Project description:OBJECTIVE:Assess effects of a bedside interpreter-phone intervention on hospital discharge preparedness among patients with limited English proficiency (LEP). METHODS:Mixed-methods study compared patient-reported discharge preparedness and knowledge of medications and follow-up appointments among 189 Chinese- and Spanish-speakers before (n=94) and after (n=95) bedside interpreter-phone implementation, and examined nurse and resident-physician interpreter-phone utilization through focus groups.

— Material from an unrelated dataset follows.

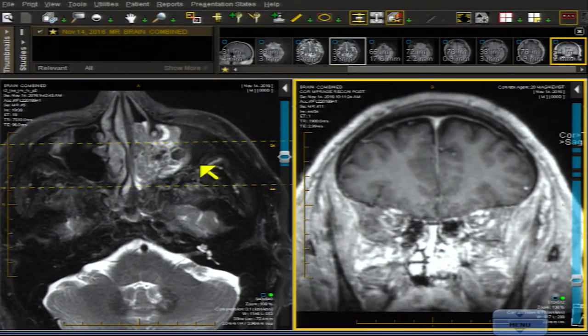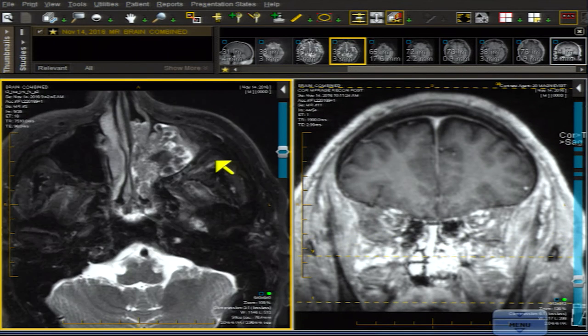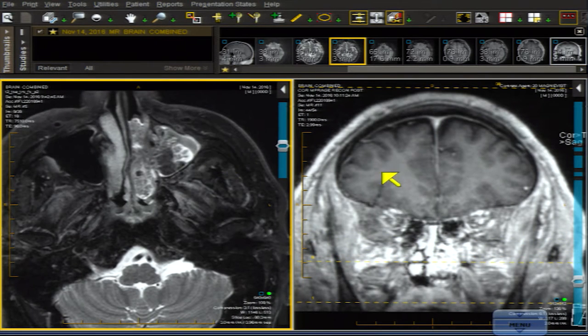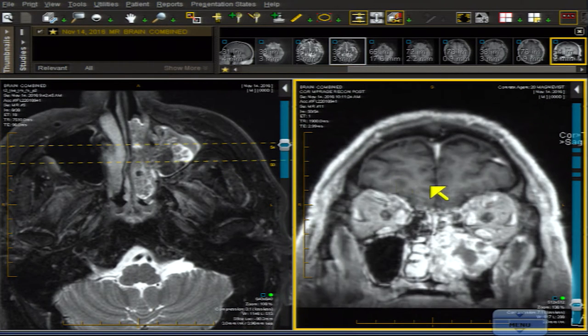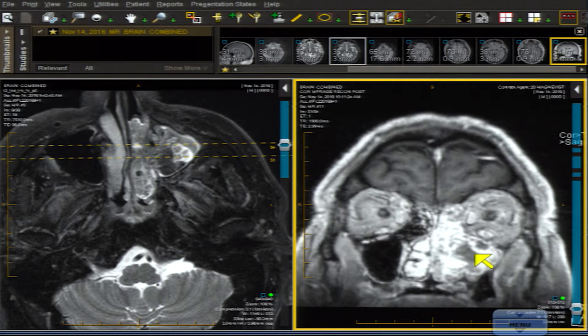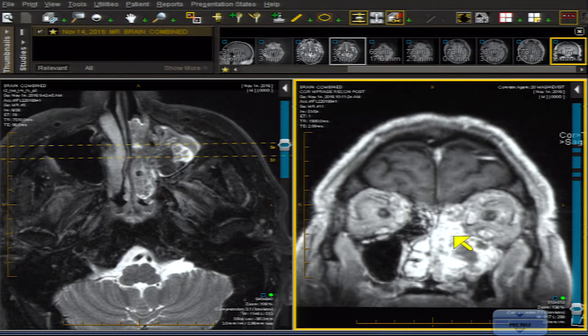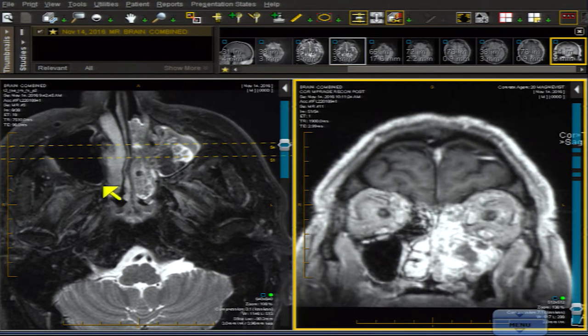This first case is a 60-year-old man with a mass in the face, particularly in the nasal cavity area. Here's an axial T2-weighted image on the viewer's left and a coronal MRI T1 contrast-enhanced image. There is a large mass filling the left maxillary antrum, spilling over the infundibulum into the hiatus semilunaris, and truncating the uncinate process, which isn't seen. It extends all the way up into the ethmoid area.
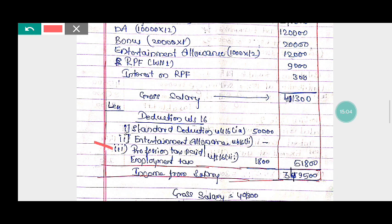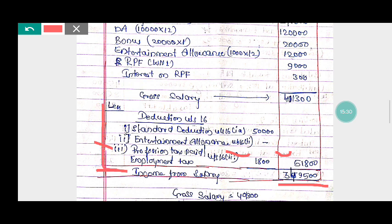From the question, the last point gives employment tax of rupees 1,800. So total deductions under Section 16 = 50,000 + 1,800 = rupees 51,800. Gross salary minus deductions of 51,800 gives income from salary = rupees 3,49,500. Income from salary is rupees 3,49,500.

RESULTS:Pre-post discharge preparedness (Care Transitions Measure mean 77.2 vs. 78.5; p=0.62) and patient-reported knowledge of follow-up appointments, discharge medication administration and side effects did not differ significantly. Pre-post knowledge of medication purpose increased in bivariate (88% vs. 97%, p=0.02) and propensity score adjusted analyses [aOR (adjusted odds ratio), 4.49; 95% CI, 1.09-18.4]. Nurses and physicians reported using interpreter-phones infrequently for discharge communication, preferring in-person interpreters for complex discharges and direct communication with family for routine discharges. Post-implementation patients reported continued use of ad-hoc family interpreters (43%) or no interpretation at all (22%). CONCLUSION:Implementation of a bedside interpreter-phone systems intervention did not consistently improve patient-reported measures of discharge preparedness, possibly due to limited uptake during discharges. PRACTICE IMPLICATIONS:Hospital systems must better understand clinician preferences for discharge communication to successfully increase professional interpretation and shift culture away from using family members as interpreters.